Dit komt overeen met de intuïtie die de objectief-realisten (en velen van ons) over waarheid hebben. Volgens deze intuïtie is waarheid objectief en geldt zij voor ons allen; het is onzin dat ieder individu zelf kan bepalen wat waar is. Iemand kan (binnen grenzen) bepalen vanuit welk perspectief hij of zij wil kijken. Maar een agent kan niet bepalen wat er dan vanuit dat perspectief te zien is.(2)
Relationaliteit en perspectiviteit gaan samen met objectiviteit
Dus ook als je volledig accepteert dat waarheid relationeel en perspectivisch is, betekent dit niet dat waarheid relatief is aan het subject of de agent. Integendeel: relationaliteit en perspectiviteit van waarheid gaan samen met de objectiviteit van waarheid.
In "Waarom er een impasse is betreft waarheid" beschrijf ik dat twee denkrichtingen strijdig zijn maar ook allebei onmisbare elementen hebben. De objectiviteit van waarheid is een onmisbaar element van de ene denkrichting. De perspectiviteit van waarheid is een onmisbaar element van de andere denkrichting.
Nu blijkt dat deze elementen niet per se strijdig zijn, maar wel degelijk samen kunnen gaan. Daarmee is een belangrijke stap gezet voor het vinden van een uitweg uit de impasse betreft waarheid.

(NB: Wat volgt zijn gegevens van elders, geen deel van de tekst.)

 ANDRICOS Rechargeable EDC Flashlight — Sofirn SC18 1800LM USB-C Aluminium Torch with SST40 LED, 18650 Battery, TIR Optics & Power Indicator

1) Het idee dat iets waar is als het correspondeert met de werkelijkheid sluit aan bij onze intuïtie. Omdat een begrip van waarheid alleen echt gaat werken als het begrip kan werken voor iedereen, vind ik het van groot belang dat het aansluit bij deze intuïtie. Maar correspondentie als criterium voor waarheid is in de filosofie ook veelvuldig bekritiseerd en dus controversieel. Dit is bijvoorbeeld het geval bij de correspondentietheorieën zoals geformuleerd door Plato, Aristoteles en Russell. Met de relationaliteit van informatie en het begrip perspectief is mijn versie van correspondentie echter een hele andere (dan van voornoemde filosofen). Dit brengt de problemen die naar voren zijn gebracht, in een heel ander daglicht, zodat ze niet schadelijk zijn. Details hieromtrent zullen elders worden gegeven.
2) Een (menselijke) agent kan binnen bepaalde grenzen soms ook bepalen wat hij gaat zien als hij vanuit een bepaald perspectief gaat kijken (bijvoorbeeld door een photoshoot voor te bereiden). Maar hij maakt dan gebruik van kennis over hoe zaken nu eenmaal in beeld komen. Oftewel hij kan niet bepalen dat de dingen er zo uit zien als ze eruit zien als hij vanuit dat perspectief gaat kijken.